Second, to identify genes affected by long 3’UTRs, generated by read-through transcriptional termination events, we performed bioinformatics analysis of RNA-seq transcriptomic data. This analysis revealed that more than two hundred Rho-independent transcriptional terminators (TTs) suffered read-through in S. aureus. Among them, we identified SbrB, a small messenger RNA (mRNA) whose read-through results in a long transcript antisense to lexA gene, the major regulator of SOS response in bacteria. Preliminary results confirmed that the expression of this long antisense transcript was directly controlled by the alternative sigma factor (SigB), the regulator of stress response in bacteria. The generation of a SigB-dependent transcript antisense to lexA might be providing a physical link connecting two of the most important stress response pathways in bacteria.
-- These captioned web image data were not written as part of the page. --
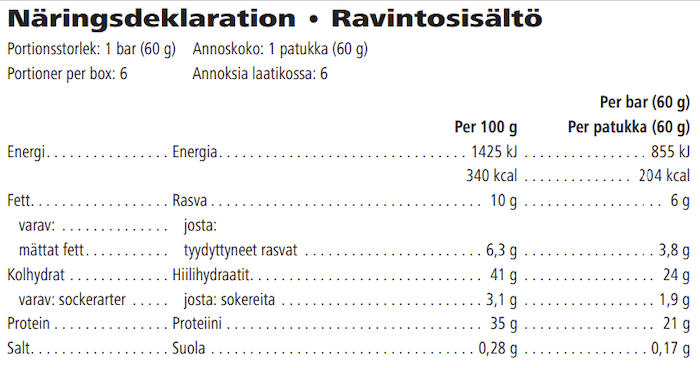Herbalife24® Achieve Protein Bar Chocolate chip cookie dough 6 bars Näringsdeklaration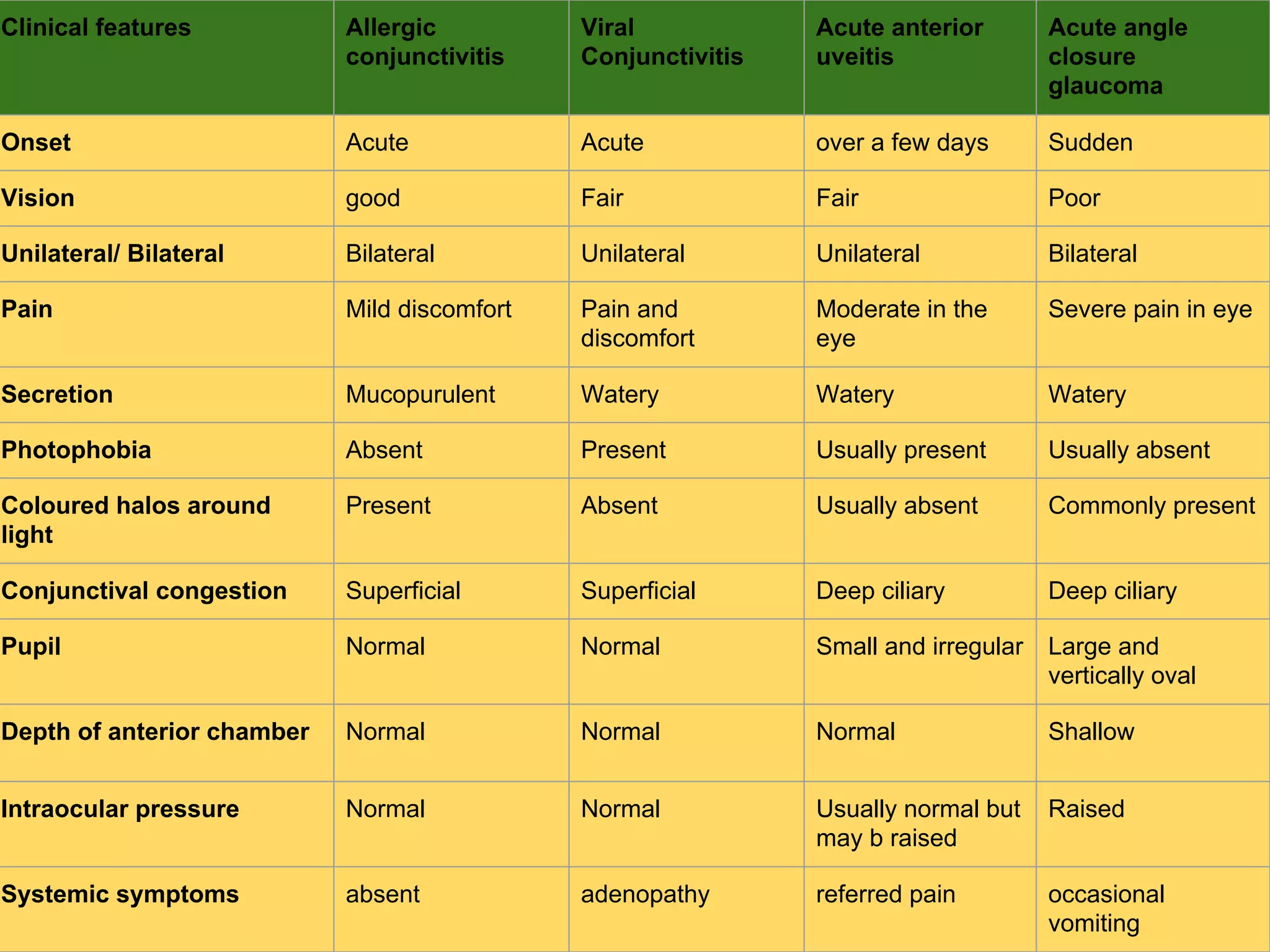 38
Clinical features Allergic
conjunctivitis
Viral
Conjunctivitis
Acute anterior
uveitis
Acute angle
closure
glaucoma
Onset Acute Acute over a few days Sudden
Vision good Fair Fair Poor
Unilateral/ Bilateral Bilateral Unilateral Unilateral Bilateral
Pain Mild discomfort Pain and
discomfort
Moderate in the
eye
Severe pain in eye
Secretion Mucopurulent Watery Watery Watery
Photophobia Absent Present Usually present Usually absent
Coloured halos around
light
Present Absent Usually absent Commonly present
Conjunctival congestion Superficial Superficial Deep ciliary Deep ciliary
Pupil Normal Normal Small and irregular Large and
vertically oval
Depth of anterior chamber Normal Normal Normal Shallow
Intraocular pressure Normal Normal Usually normal but
may b raised
Raised
Systemic symptoms absent adenopathy referred pain occasional
vomiting
 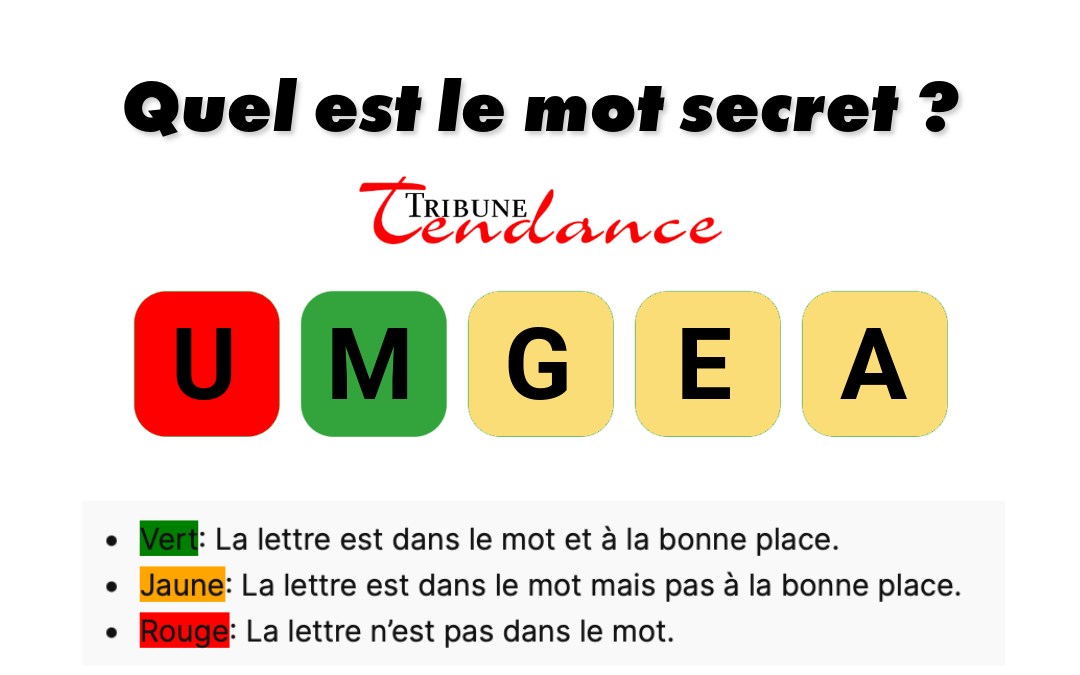 game virale image image 1 Défi: Mot de 5 Lettres en 2 Minutes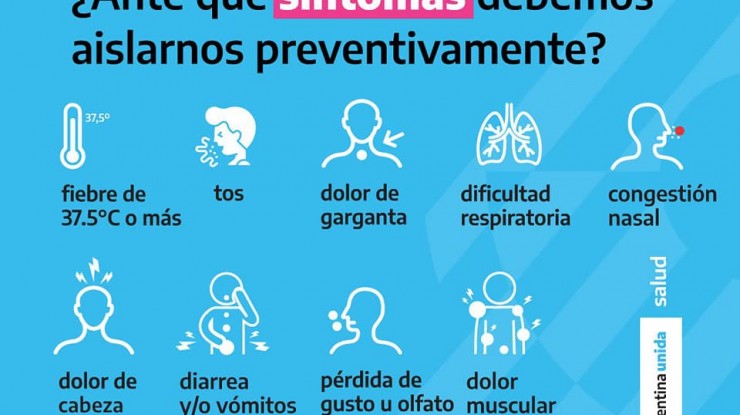 Coronavirus: Conciencia ciudadana ante el aumento de casos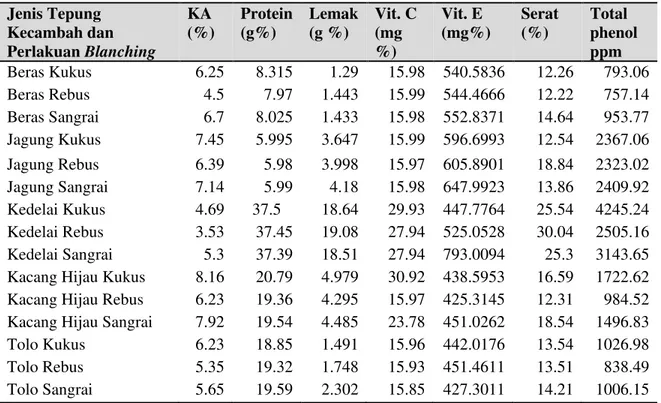 Tabel 2. Hasil Analisis Tepung Kecambah   Jenis Tepung  Kecambah dan  Perlakuan Blanching  KA  (%)  Protein (g%)  Lemak (g %)  Vit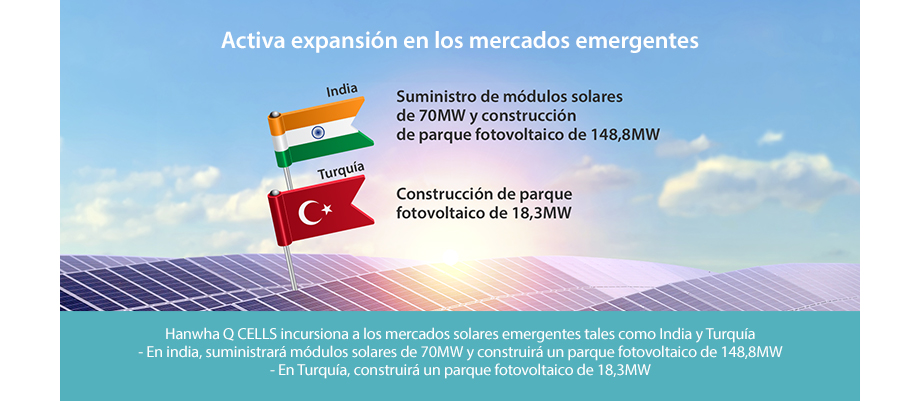 Hanwha Q CELLS incursiona a los mercados solares emergentes tales como India y Turquía. - En india, suministrará módulos solares de 70MW y construirá un parque fotovoltaico de 148,8MW - En Turquía, construirá un parque fotovoltaico de 18,3MW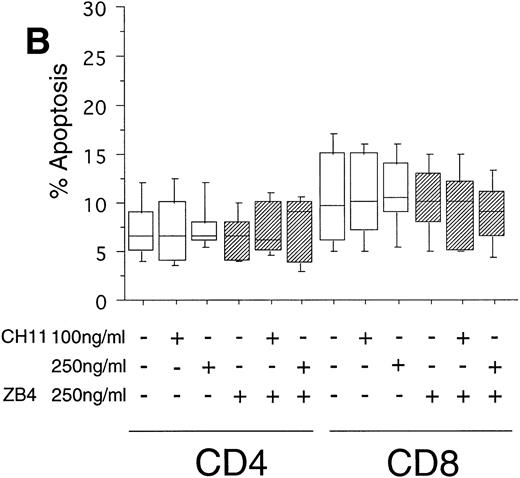 Fig. 2. (A) Induction of apoptosis in CD4+ and CD8+ cells from B-CLL patients (n = 30). PBMC from 30 B-CLL patients were cocultured with the agonistic anti-FasR MoAb CH11 (□) and/or the antagonistic anti-FasR MoAb ZB4 (▨) for 24 hours (up to 7 days, data not shown) in the indicated concentrations. The percentage of apoptosis in the relevant T-cell subpopulations was measured by two-color flow cytometry after staining with PE-conjugated anti-CD4 or anti-CD8 MoAb and AnnexinV-FITC and is shown in a box-blot and whiskers model. Statistical analysis showed the following relationships: CD4+ cells: untreated versus 100 ng CH11-treated (P = .0002), 100 ng CH11- versus 250 ng CH11-treated (P = .02), 250 ng CH11-treated versus 250 ng CH11+ZB4-treated (P < .002); CD8+ cells: untreated versus 250 ng CH11-treated (P > .2), 250 ng CH11-treated versus 250 ng CH11+ZB4-treated (P > .2). (B) Induction of apoptosis in CD4+ and CD8+cells from healthy donors (n = 20). PBMC from healthy volunteers were untreated or cocultured with the agonistic anti-FasR MoAb CH11 (□) and/or the antagonistic anti-FasR MoAb ZB4 (▨) for 24 hours (up to 7 days, data not shown). The percentage of apoptotic cells in CD4+ and CD8+ cell fractions were assessed by two-color flow cytometry as described for (A). Statistical analysis showed the following: CD4+ cells: untreated versus CH11 treated (P > .7), CH11-treated versus CH11+ZB4-treated (P > .8); CD8+ cells: untreated versus CH11 treated (P > .7), CH11-treated versus CH11+ZB4-treated (P > .3).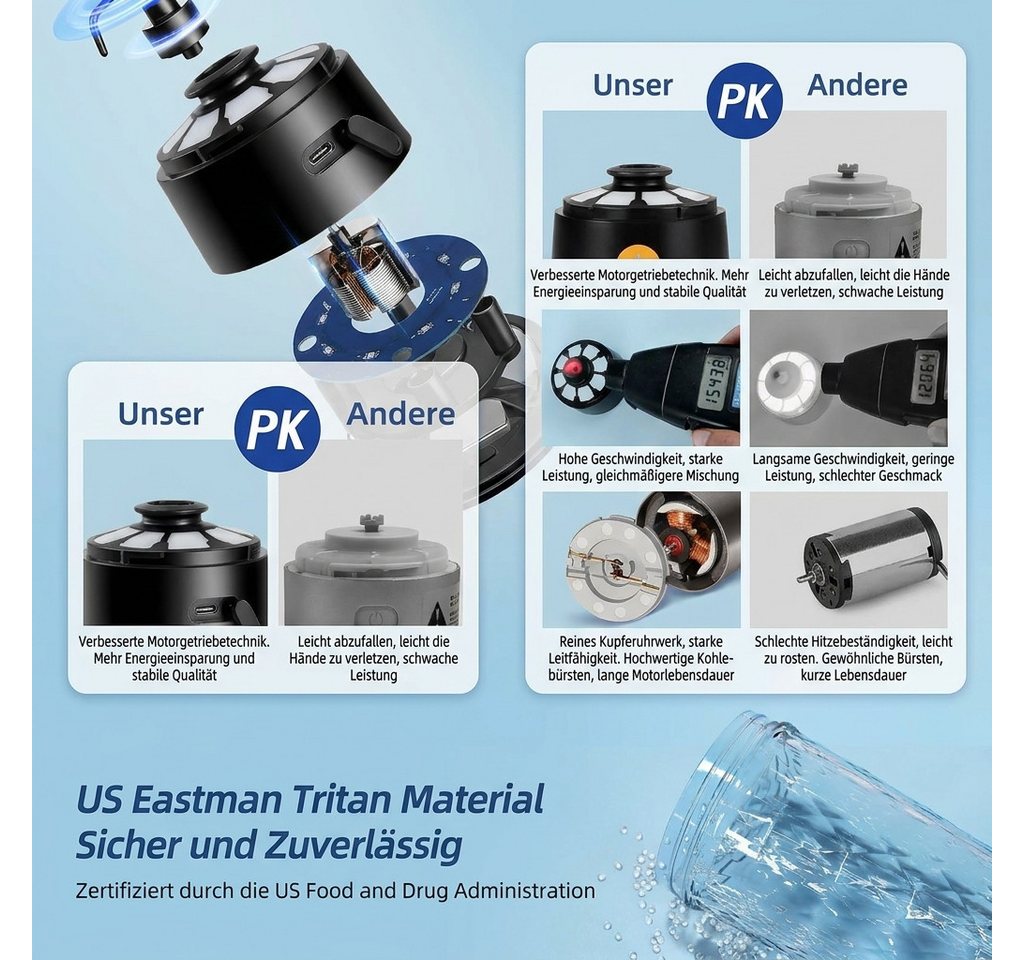 Vashoy Elektrischer Shaker Protein Shaker Elektrisch mit Pulverfach,650ml-Sportbecher, 3 W, BPA-frei, Drehzahl 7500rpm, für Potein Pulver und Milchshake Bild 2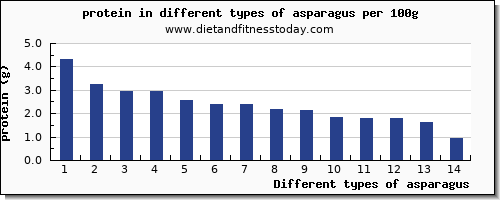 asparagus protein per 100g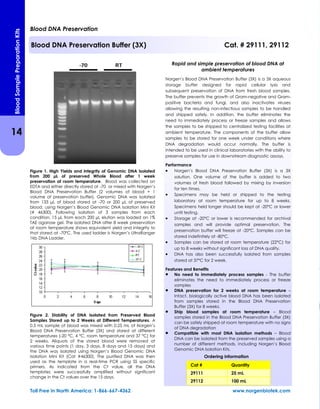 Figure 1. High Yields and integrity of Genomic DNA Isolated
from 200 µL of preserved Whole Blood after 1 week
preservation at room temperature. Blood was collected on
EDTA and either directly stored at -70 or mixed with Norgen’s
Blood DNA Preservation Buffer (2 volumes of blood + 1
volume of preservation buffer). Genomic DNA was isolated
from 133 µL of blood stored at -70 or 200 µL of preserved
blood, using Norgen’s Blood Genomic DNA Isolation Mini Kit
(# 46300). Following isolation of 3 samples from each
condition, 15 µL from each 200 µL elution was loaded on 1%
TAE agarose gel. The isolated DNA after 8 week preservation
at room temperature shows equivalent yield and integrity to
that stored at -70ºC. The used ladder is Norgen’s UltraRanger
1kb DNA Ladder.
Figure 2. Stability of DNA Isolated from Preserved Blood
Samples Stored up to 2 Weeks at Different Temperatures. A
0.5 mL sample of blood was mixed with 0.25 mL of Norgen’s
Blood DNA Preservation Buffer (3X) and stored at different
temperatures (-20 °C, 4 °C, room temperature and 37 °C) for
2 weeks. Aliquots of the stored blood were removed at
various time points (1 day, 3 days, 8 days and 15 days) and
the DNA was isolated using Norgen’s Blood Genomic DNA
Isolation Mini Kit (Cat #46300). The purified DNA was then
used as the template in a real-time PCR using 5S specific
primers. As indicated from the Ct value, all the DNA
templates were successfully amplified without significant
change in the Ct values over the 15 days.
Rapid and simple preservation of blood DNA at
ambient temperatures
Norgen’s Blood DNA Preservation Buffer (3X) is a 3X aqueous
storage buffer designed for rapid cellular lysis and
subsequent preservation of DNA from fresh blood samples.
The buffer prevents the growth of Gram-negative and Gram-
positive bacteria and fungi, and also inactivates viruses
allowing the resulting non-infectious samples to be handled
and shipped safely. In addition, the buffer eliminates the
need to immediately process or freeze samples and allows
the samples to be shipped to centralized testing facilities at
ambient temperature. The components of the buffer allow
samples to be stored for one week under conditions where
DNA degradation would occur normally. The buffer is
intended to be used in clinical laboratories with the ability to
preserve samples for use in downstream diagnostic assays.
Performance
 Norgen’s Blood DNA Preservation Buffer (3X) is a 3X
solution. One volume of the buffer is added to two
volumes of fresh blood followed by mixing by inversion
for ten times.
 Specimens may be held or shipped to the testing
laboratory at room temperature for up to 8 weeks.
Specimens held longer should be kept at -20°C or lower
until testing.
 Storage at -20°C or lower is recommended for archival
samples and will provide optimal preservation. The
preservation buffer will freeze at -20°C. Samples can be
stored indefinitely at -80°C.
 Samples can be stored at room temperature (22°C) for
up to 8 weeks without significant loss of DNA quality.
 DNA has also been successfully isolated from samples
stored at 37°C for 2 week.
Features and Benefits
 No need to immediately process samples - The buffer
eliminates the need to immediately process or freeze
samples
 DNA preservation for 2 weeks at room temperature –
Intact, biologically active blood DNA has been isolated
from samples stored in the Blood DNA Preservation
Buffer (3X) for 8 weeks.
 Ship blood samples at room temperature – Blood
samples stored in the Blood DNA Preservation Buffer (3X)
can be safely shipped at room temperature with no signs
of DNA degradation
 Compatible with most DNA isolation methods – Blood
DNA can be isolated from the preserved samples using a
number of different methods, including Norgen’s Blood
Genomic DNA Isolation Kits.
Blood DNA Preservation
Blood DNA Preservation Buffer (3X) Cat. # 29111, 29112
14
BloodSamplePreparationKits
Toll Free in North America: 1-866-667-4362 www.norgenbiotek.com
Cat # Quantity
29111 25 mL
29112 100 mL
Ordering information
 
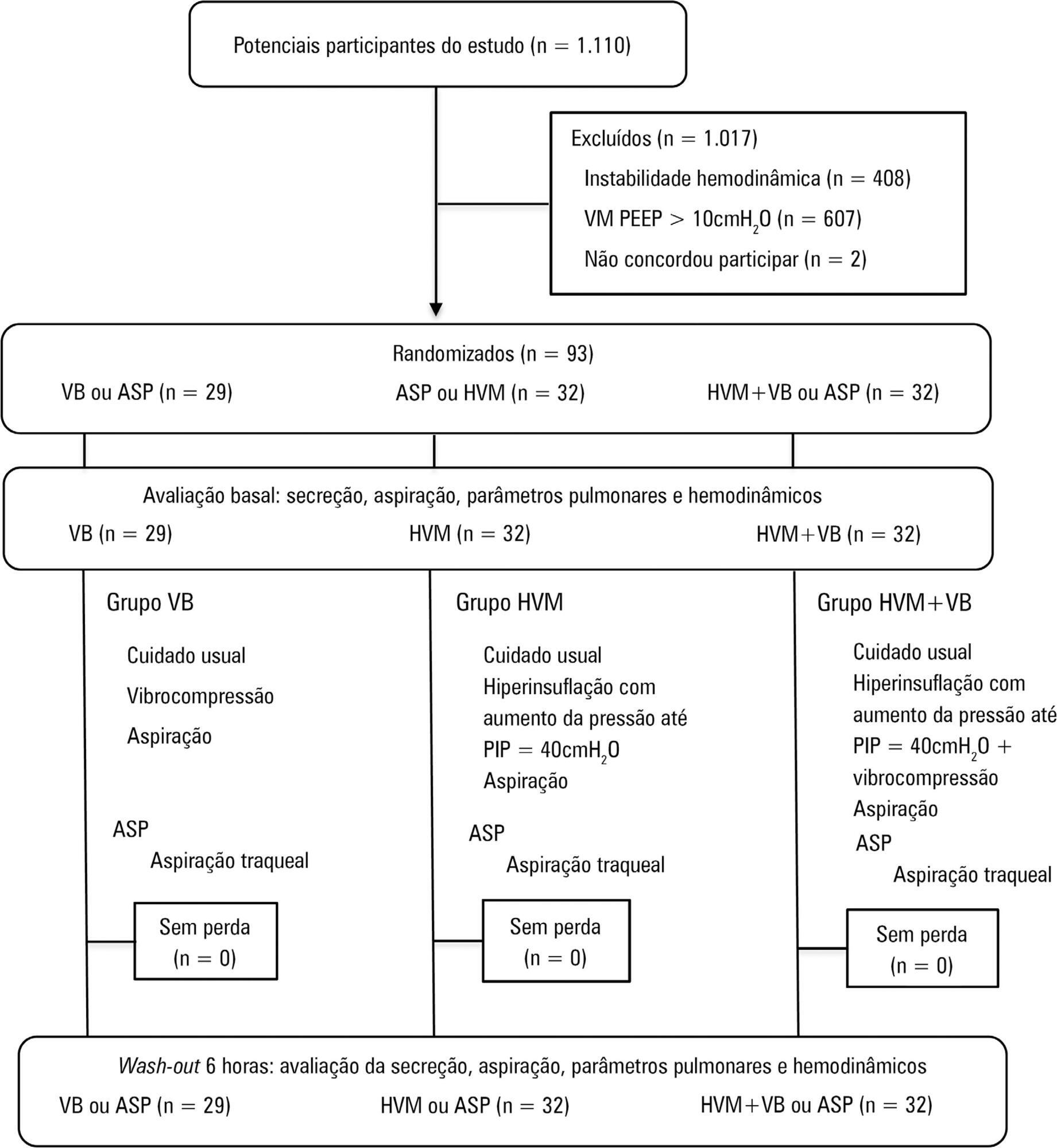 Comparison of bronchial hygiene techniques in mechanically ventilated patients: a randomized clinical trial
To test this hypothesis, we are currently developing fluorescent reporters that allow monitoring simultaneous expression of the antisense and target gene at a single cell level.
Finally, to identify potential RNA-binding proteins (RBPs) interacting with 3’UTRs, we are performing CLIP assays with selected RBPs. This will allow us to determine the corresponding targetome maps, including the 3’UTRs interactions. For this purpose, we have labelled representative examples of different RBP groups such as RNA helicases and RNA chaperones, including cold shock proteins (CSPs). We found that although all tagged proteins were expressed in the tested conditions, we could only pull down RNA from the CSP group. We thought that the low protein levels that are naturally expressed by the bacteria might be hindering the purification of enough amount of RNA to generate the RNA libraries. To solve this problem, we are currently constructing new strains that will express the RBPs from stronger promoters.
In summary, in this first reporting period we have identified three new bona fide 3’UTRs controlling gene expression in S. aureus. In addition, we found one mRNA suffering SigB-dependent transcriptional read-through and generating a long antisense transcript to lexA (the major SOS response regulator). This example is showing that genes might be organized in clusters connected by long transcripts, providing an additional regulatory layer. Furthermore, we have set up the conditions needed to pull-down the RNAs associated to RNA-binding proteins in S. aureus. If the project continues evolving as expected, we are confident that we will accomplish the proposed objectives.

Progress beyond the state of the art and expected potential impact (including the socio-economic impact and the wider societal implications of the project so far)

This project is helping to understand the genomic organizations in bacteria that lead to 3’UTR mediated post-transcriptional regulatory mechanisms, which have not been seriously considered yet. This will help improving our basic knowledge in fields such as microbiology, synthetic biology and biotechnology. The finding of new regulatory layers will imply new potential targets for the development of novel antimicrobials that might contribute to deal with the challenging issue of multi-drug antibiotic resistance, a worldwide problem.